Public sector pension issues to be resolved February — Akufo-Addo
President Nana Addo Dankwa Akufo-Addo has said the auditing of the Temporary Pensions Fund Account (TPFA) of public sector workers will be completed by February 2019.
“The relevant institutions have been tasked to complete this exercise to enable the smooth implementation of the second tier pension scheme (the occupational pension scheme) in the public services,” he stated.
President Akufo-Addo said funds transferred into public sector occupational pension schemes, facilitated by the Minister of Finance and the Minister for Employment and Labour Relations, with the active involvement of the National Pensions Regulatory Authority (NPRA), were a little over GH¢3 billion and had paved the way for the real implementation of the third tier pension schemes of public sector workers.

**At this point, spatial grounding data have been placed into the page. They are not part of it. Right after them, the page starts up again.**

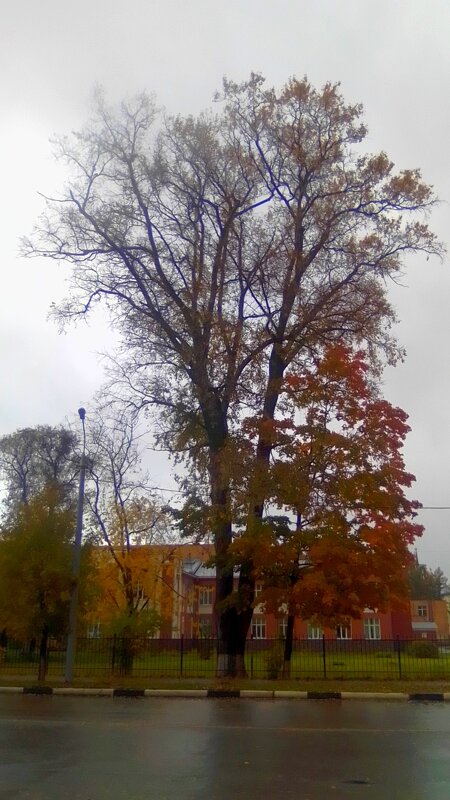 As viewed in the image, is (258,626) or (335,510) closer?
(335,510)

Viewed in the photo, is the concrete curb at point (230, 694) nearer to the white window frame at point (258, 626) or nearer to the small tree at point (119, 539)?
the small tree at point (119, 539)

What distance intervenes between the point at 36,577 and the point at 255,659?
27.2 feet

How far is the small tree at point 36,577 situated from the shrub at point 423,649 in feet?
41.1

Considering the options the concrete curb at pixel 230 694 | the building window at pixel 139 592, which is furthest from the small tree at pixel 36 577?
the building window at pixel 139 592

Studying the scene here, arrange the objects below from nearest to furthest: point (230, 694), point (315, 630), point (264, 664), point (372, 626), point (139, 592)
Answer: point (230, 694)
point (264, 664)
point (315, 630)
point (139, 592)
point (372, 626)

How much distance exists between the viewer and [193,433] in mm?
24922

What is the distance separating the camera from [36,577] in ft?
67.1

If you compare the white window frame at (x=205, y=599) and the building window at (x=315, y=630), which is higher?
the white window frame at (x=205, y=599)

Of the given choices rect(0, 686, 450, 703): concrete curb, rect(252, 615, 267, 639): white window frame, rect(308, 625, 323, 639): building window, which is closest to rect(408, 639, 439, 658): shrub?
rect(308, 625, 323, 639): building window

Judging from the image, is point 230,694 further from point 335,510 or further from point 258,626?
point 258,626

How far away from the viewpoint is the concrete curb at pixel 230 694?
17.5 metres

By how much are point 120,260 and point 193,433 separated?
6400mm

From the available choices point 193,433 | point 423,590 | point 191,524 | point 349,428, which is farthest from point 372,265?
point 423,590

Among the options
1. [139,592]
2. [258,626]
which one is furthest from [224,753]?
[258,626] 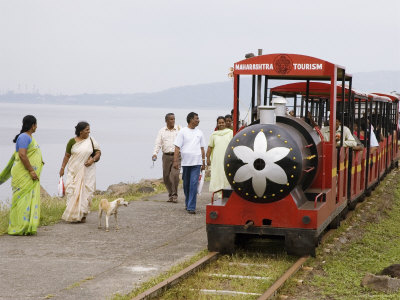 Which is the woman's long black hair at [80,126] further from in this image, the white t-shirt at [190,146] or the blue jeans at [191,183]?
the blue jeans at [191,183]

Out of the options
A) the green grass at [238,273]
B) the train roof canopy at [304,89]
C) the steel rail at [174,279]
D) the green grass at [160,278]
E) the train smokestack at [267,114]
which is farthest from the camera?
the train roof canopy at [304,89]

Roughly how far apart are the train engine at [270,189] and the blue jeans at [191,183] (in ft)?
11.3

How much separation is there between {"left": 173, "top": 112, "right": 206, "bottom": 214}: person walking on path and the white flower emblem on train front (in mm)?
4146

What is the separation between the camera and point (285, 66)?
30.5 ft

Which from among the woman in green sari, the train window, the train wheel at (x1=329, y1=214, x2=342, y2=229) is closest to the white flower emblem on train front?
the train window

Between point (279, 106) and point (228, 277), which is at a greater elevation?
point (279, 106)

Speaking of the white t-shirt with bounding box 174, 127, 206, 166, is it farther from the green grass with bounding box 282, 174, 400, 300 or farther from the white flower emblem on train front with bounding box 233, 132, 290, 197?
the white flower emblem on train front with bounding box 233, 132, 290, 197

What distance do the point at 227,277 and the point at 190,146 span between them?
16.8 ft

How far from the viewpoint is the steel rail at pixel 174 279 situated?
6485 mm

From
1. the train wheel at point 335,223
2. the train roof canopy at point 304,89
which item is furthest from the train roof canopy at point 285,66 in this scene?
the train wheel at point 335,223

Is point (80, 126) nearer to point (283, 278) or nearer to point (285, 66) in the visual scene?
point (285, 66)

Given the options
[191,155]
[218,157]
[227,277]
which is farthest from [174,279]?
[191,155]

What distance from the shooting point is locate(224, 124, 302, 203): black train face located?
8.34 metres

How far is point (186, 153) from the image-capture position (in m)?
12.5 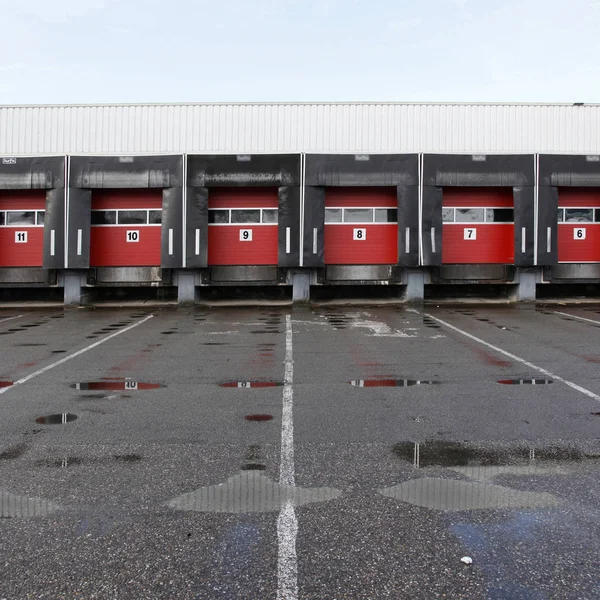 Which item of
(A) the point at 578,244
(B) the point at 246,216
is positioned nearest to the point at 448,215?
(A) the point at 578,244

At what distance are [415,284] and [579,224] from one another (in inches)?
258

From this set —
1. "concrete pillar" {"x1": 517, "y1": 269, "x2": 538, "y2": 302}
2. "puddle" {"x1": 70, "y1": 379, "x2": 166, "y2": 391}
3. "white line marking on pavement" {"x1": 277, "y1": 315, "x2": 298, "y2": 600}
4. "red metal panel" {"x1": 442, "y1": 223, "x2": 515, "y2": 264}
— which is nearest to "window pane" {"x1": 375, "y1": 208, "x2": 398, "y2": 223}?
"red metal panel" {"x1": 442, "y1": 223, "x2": 515, "y2": 264}

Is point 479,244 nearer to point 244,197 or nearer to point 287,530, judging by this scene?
point 244,197

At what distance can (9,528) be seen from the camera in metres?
3.98

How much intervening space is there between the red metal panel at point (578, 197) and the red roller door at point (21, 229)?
18.8 metres

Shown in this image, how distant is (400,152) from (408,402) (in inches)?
644

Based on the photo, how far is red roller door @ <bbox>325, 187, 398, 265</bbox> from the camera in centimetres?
2278

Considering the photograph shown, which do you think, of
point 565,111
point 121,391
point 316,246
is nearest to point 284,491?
point 121,391

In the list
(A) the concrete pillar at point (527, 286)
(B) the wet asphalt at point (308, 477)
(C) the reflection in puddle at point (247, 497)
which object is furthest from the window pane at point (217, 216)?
(C) the reflection in puddle at point (247, 497)

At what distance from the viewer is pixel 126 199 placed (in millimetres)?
22906

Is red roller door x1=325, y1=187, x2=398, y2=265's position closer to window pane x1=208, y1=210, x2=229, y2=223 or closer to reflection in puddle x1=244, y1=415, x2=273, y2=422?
window pane x1=208, y1=210, x2=229, y2=223

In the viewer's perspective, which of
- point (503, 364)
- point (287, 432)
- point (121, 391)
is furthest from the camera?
point (503, 364)

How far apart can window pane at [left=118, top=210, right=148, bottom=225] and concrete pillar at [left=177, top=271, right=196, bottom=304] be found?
2591 mm

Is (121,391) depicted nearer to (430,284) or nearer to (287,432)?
(287,432) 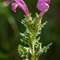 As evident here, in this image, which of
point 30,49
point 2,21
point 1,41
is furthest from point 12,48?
point 30,49

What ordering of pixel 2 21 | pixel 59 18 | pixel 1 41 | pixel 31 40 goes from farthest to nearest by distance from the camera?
pixel 59 18
pixel 2 21
pixel 1 41
pixel 31 40

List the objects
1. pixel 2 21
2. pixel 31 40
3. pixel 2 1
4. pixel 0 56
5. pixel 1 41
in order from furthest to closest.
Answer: pixel 2 21, pixel 1 41, pixel 2 1, pixel 0 56, pixel 31 40

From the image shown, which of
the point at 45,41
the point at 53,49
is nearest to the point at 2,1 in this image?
the point at 45,41

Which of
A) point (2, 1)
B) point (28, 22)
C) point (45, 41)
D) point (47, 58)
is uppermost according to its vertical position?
point (28, 22)

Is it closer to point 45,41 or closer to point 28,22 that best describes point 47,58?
point 45,41

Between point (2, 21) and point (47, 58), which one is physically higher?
point (2, 21)

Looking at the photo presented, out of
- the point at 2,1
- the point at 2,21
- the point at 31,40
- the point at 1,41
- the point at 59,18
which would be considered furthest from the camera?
the point at 59,18

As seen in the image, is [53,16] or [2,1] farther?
[53,16]

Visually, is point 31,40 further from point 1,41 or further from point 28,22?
point 1,41

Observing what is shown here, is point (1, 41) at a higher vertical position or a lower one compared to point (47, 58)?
higher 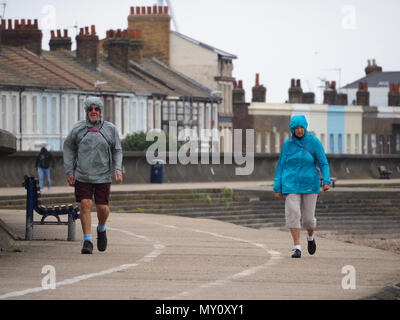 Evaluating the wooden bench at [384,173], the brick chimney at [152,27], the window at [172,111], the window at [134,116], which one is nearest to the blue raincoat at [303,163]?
the wooden bench at [384,173]

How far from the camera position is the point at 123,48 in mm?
72938

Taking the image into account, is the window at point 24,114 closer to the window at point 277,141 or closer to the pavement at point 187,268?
the window at point 277,141

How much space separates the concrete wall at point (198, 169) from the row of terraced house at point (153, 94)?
12.7 meters

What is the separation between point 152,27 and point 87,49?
16.9m

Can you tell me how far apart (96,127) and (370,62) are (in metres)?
109

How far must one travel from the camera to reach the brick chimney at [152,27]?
276ft

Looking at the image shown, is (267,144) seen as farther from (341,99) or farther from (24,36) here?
(24,36)

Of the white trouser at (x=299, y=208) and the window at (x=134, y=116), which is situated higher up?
the window at (x=134, y=116)

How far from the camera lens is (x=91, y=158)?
15.4 metres

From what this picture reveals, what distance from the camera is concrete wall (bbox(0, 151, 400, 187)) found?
40.9 metres

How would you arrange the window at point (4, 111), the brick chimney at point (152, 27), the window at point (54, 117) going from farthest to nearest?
the brick chimney at point (152, 27) < the window at point (54, 117) < the window at point (4, 111)

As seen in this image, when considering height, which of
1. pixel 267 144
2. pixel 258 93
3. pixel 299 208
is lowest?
pixel 267 144

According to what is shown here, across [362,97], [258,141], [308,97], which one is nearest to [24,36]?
[258,141]

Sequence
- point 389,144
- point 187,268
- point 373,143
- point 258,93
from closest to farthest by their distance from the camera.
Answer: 1. point 187,268
2. point 258,93
3. point 373,143
4. point 389,144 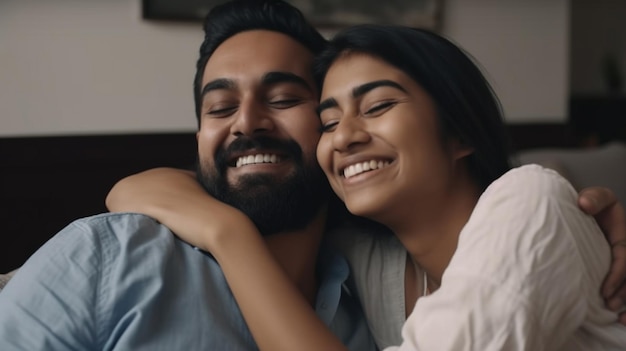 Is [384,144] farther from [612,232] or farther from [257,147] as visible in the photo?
[612,232]

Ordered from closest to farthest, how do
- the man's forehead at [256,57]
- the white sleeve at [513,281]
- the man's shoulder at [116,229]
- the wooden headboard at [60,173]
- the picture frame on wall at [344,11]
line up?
the white sleeve at [513,281] < the man's shoulder at [116,229] < the man's forehead at [256,57] < the wooden headboard at [60,173] < the picture frame on wall at [344,11]

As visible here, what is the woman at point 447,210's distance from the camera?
85 cm

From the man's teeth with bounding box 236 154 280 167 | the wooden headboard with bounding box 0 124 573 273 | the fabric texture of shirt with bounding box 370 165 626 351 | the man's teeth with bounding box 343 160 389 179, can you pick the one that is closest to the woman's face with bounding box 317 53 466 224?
the man's teeth with bounding box 343 160 389 179

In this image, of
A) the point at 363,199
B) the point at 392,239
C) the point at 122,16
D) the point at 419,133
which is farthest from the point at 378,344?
the point at 122,16

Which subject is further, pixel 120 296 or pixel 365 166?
pixel 365 166

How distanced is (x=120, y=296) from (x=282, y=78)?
553 mm

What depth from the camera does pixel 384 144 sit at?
3.83 feet

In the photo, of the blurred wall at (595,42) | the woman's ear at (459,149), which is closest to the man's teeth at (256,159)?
the woman's ear at (459,149)

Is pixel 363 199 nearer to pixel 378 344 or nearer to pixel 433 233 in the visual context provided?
pixel 433 233

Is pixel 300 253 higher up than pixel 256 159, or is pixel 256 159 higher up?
pixel 256 159

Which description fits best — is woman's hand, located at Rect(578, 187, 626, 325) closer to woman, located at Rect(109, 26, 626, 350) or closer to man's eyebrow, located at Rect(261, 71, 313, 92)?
woman, located at Rect(109, 26, 626, 350)

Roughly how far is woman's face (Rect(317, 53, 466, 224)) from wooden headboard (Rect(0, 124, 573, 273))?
123cm

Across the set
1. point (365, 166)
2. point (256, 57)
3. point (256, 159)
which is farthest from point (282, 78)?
point (365, 166)

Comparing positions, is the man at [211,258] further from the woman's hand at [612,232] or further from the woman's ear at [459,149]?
the woman's hand at [612,232] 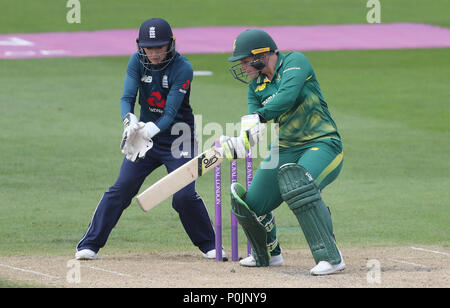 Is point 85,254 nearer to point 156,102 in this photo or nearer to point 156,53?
point 156,102

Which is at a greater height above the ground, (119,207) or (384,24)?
(384,24)

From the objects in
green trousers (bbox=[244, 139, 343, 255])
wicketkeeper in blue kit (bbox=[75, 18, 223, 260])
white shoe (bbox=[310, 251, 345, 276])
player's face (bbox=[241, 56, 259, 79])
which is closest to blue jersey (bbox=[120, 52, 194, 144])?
wicketkeeper in blue kit (bbox=[75, 18, 223, 260])

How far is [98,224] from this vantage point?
793 centimetres

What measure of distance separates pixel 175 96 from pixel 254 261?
4.73ft

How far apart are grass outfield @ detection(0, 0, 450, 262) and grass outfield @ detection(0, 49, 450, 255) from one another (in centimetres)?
2

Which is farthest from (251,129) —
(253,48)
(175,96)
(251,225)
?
(175,96)

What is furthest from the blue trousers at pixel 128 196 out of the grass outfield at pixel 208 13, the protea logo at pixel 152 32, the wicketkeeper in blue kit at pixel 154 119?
the grass outfield at pixel 208 13

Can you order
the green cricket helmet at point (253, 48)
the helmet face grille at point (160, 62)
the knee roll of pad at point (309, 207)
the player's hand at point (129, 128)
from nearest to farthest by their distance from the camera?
the knee roll of pad at point (309, 207) < the green cricket helmet at point (253, 48) < the player's hand at point (129, 128) < the helmet face grille at point (160, 62)

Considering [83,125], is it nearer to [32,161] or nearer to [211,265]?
[32,161]

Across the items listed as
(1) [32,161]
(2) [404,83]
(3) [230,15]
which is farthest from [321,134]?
(3) [230,15]

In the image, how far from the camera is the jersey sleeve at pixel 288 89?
701 cm

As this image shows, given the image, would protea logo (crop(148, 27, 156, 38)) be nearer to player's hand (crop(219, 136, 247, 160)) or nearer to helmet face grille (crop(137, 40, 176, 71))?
helmet face grille (crop(137, 40, 176, 71))

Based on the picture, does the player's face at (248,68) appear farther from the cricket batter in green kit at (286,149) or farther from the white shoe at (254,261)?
the white shoe at (254,261)

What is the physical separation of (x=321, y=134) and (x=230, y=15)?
76.6 ft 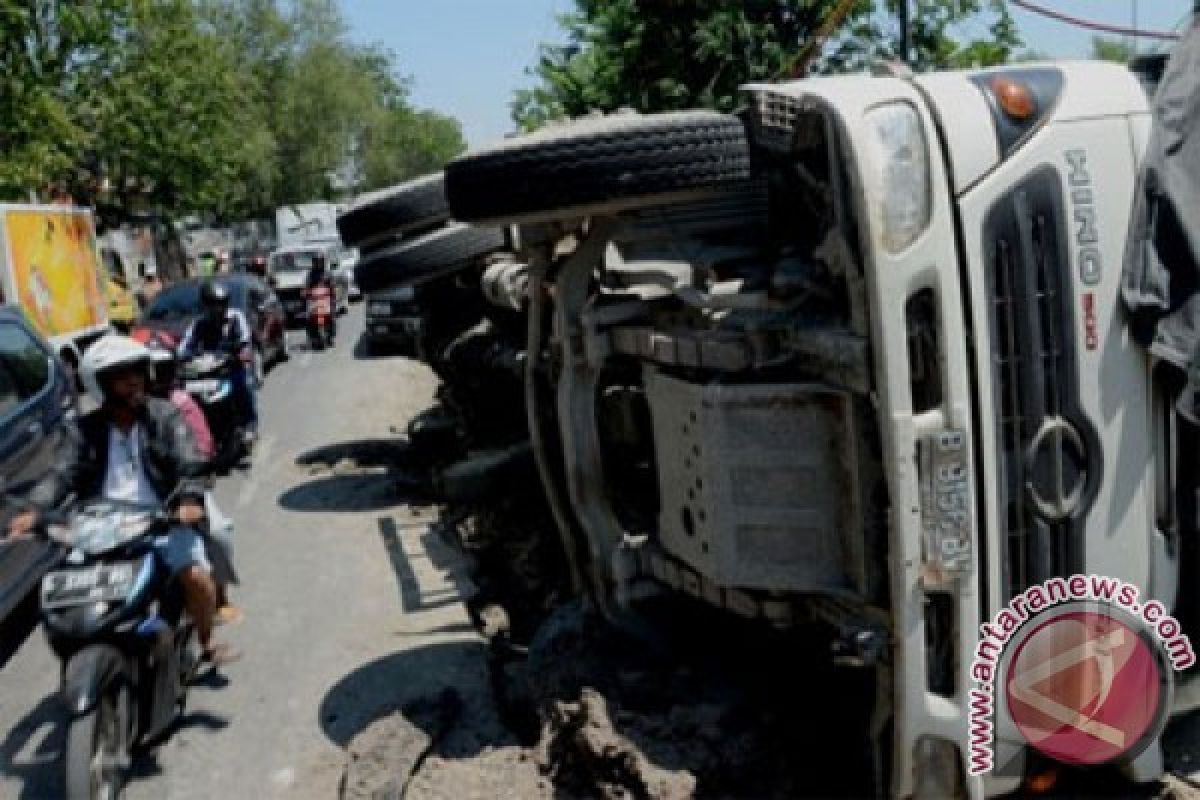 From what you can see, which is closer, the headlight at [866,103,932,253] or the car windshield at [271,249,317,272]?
the headlight at [866,103,932,253]

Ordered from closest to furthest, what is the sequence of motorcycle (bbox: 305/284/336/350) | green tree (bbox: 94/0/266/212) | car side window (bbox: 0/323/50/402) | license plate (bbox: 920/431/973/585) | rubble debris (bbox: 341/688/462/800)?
license plate (bbox: 920/431/973/585) < rubble debris (bbox: 341/688/462/800) < car side window (bbox: 0/323/50/402) < motorcycle (bbox: 305/284/336/350) < green tree (bbox: 94/0/266/212)

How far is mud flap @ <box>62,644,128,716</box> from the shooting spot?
13.7ft

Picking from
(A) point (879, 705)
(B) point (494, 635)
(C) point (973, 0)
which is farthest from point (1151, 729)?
(C) point (973, 0)

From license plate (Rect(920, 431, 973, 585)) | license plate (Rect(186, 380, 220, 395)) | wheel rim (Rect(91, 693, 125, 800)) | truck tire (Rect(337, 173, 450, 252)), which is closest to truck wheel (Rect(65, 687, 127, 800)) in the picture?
wheel rim (Rect(91, 693, 125, 800))

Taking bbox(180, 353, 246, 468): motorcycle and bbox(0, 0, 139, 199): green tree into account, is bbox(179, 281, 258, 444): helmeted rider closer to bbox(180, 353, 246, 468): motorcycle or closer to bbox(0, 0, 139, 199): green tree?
bbox(180, 353, 246, 468): motorcycle

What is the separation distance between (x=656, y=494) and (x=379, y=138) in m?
74.2

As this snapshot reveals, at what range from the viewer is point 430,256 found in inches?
288

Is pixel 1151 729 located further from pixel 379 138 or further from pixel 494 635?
pixel 379 138

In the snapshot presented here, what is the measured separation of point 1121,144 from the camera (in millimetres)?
3352

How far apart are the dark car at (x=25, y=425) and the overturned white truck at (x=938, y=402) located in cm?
350

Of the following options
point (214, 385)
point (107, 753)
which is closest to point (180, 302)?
point (214, 385)

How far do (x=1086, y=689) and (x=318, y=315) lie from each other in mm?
18676

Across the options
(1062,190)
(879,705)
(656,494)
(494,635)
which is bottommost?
(494,635)

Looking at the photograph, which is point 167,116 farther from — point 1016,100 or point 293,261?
point 1016,100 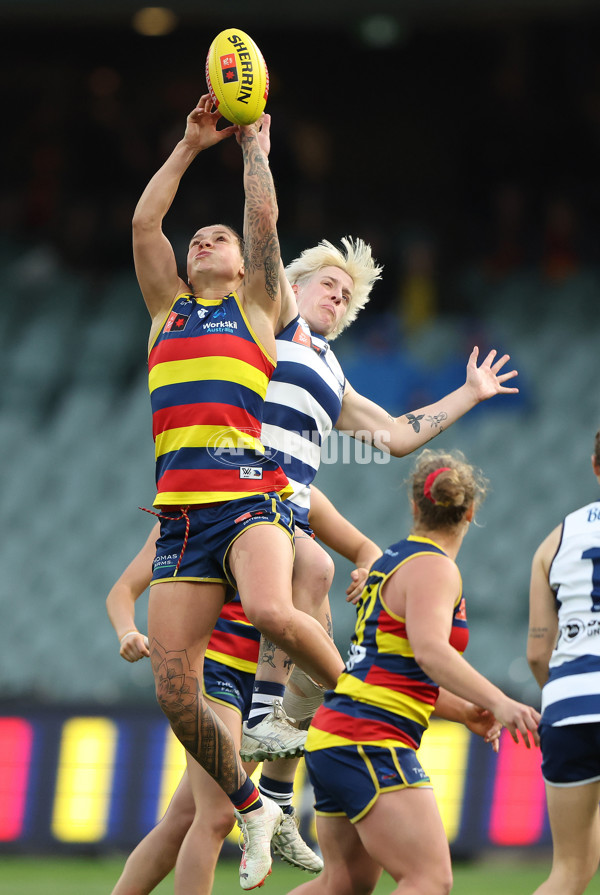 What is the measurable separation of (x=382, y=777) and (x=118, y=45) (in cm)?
1114

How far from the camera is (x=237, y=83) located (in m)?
4.39

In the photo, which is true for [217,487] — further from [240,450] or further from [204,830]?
[204,830]

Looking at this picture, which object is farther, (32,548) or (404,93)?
(404,93)

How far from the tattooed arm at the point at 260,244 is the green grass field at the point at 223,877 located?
351 cm

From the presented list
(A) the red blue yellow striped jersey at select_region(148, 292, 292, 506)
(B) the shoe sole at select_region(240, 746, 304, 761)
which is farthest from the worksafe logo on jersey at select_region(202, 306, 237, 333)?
(B) the shoe sole at select_region(240, 746, 304, 761)

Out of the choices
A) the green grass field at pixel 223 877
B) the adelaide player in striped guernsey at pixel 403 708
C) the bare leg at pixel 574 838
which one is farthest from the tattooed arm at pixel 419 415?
the green grass field at pixel 223 877

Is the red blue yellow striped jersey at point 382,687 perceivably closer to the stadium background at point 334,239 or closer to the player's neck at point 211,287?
the player's neck at point 211,287

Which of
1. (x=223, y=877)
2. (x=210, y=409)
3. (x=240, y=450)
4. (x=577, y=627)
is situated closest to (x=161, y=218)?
(x=210, y=409)

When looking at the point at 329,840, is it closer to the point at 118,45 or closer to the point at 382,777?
the point at 382,777

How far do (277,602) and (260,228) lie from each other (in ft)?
4.41

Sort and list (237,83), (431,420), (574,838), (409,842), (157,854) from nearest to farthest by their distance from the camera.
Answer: (409,842) < (574,838) < (237,83) < (157,854) < (431,420)

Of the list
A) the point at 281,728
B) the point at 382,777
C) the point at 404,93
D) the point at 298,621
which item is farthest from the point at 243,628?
the point at 404,93

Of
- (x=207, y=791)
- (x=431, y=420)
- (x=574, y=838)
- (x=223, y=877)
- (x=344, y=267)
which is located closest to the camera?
(x=574, y=838)

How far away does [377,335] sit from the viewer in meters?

In a speech read on his behalf by the Chief of Staff, Mrs Akosua Frema Osei Opare, at the 13th Quadrennial National Delegates Congress of the Civil and Local Government Staff Association, Ghana (CLOGSAG) in Cape Coast last Friday (January 4, 2018), the President said the government was committed to meeting the needs of CLOGSAG.
He added that most of the critical issues facing CLOGSAG had been resolved with regard to the payment of interim premium to workers within the Civil and the Local Government services.
The congress, which had in attendance delegates from across the country, was on the theme: “Neutrality within the Civil and Local Government services has ramifications for the Civil and Local Government services”.
Institutional reforms
President Akufo-Addo said the government, through a new Public Sector Reform Strategy, intended to build a government machinery that worked.
It was premised on various institutional reforms, as well as the strengthening of the capacity of public sector institutions to deliver public goods and services efficiently, he said.
The President added that other specific strategies to be implemented included re-aligning institutions to address conflicting mandates and improve coordination, modernising public service institutions for efficiency and productivity, improving leadership capability and delivery in the public service and improving accountability in the public service by introducing a Citizen’s Charter.
Neutrality
President Akufo-Addo urged civil servants and staff of the Local Government Service to refrain from engaging in partisan politics, saying: “Don’t cloak yourselves with political attire in the dispatch of your duties.”
He said being intermediaries between the government and the wider public, Local Government Service workers would have to show, at all levels, that they were professional in what they did and thereby create a more favourable image for the service.
Otherwise “you offend the sensibilities of the public and place yourself in a bias position which is distasteful and offensive to any well-meaning government,” he stated.
The President commended CLOGSAG for pursuing a just cause by seeking the interpretation of clauses in the 1992 Constitution on the participation and involvement of its members in partisan politics and district assembly elections.
“Let us continue to use legitimate means to address issues in order to promote sanity in the industrial atmosphere in our country,” President Akufo-Addo stated.
Sensitisation
The Chairperson of the Civil Service Council, Justice Rose Constance Owusu, congratulated CLOGSAG members on initiating the Neutrality Project to sensitise its members to desist from party political activities.
Justice Owusu, a retired Supreme Court judge, urged the CLOGSAG leadership to intensify the sensitisation drive and educate all its members, wherever they found themselves.
She further admonished political heads to work with the civil service staff, saying: “Some political heads refuse to work with some civil service staff because of the perceived alignment of the officers to previous administrations.
“This tends to stifle the initiative of highly knowledgeable and competent officers capable of providing professional advice to leadership but this does not augur well for the progression of the service.”
The Head of the Civil Service, Nana Agyekum Dwamena, said the service would continue to perform its role of supporting the government to deliver on its mandate by ensuring the proper management of staff and other resources.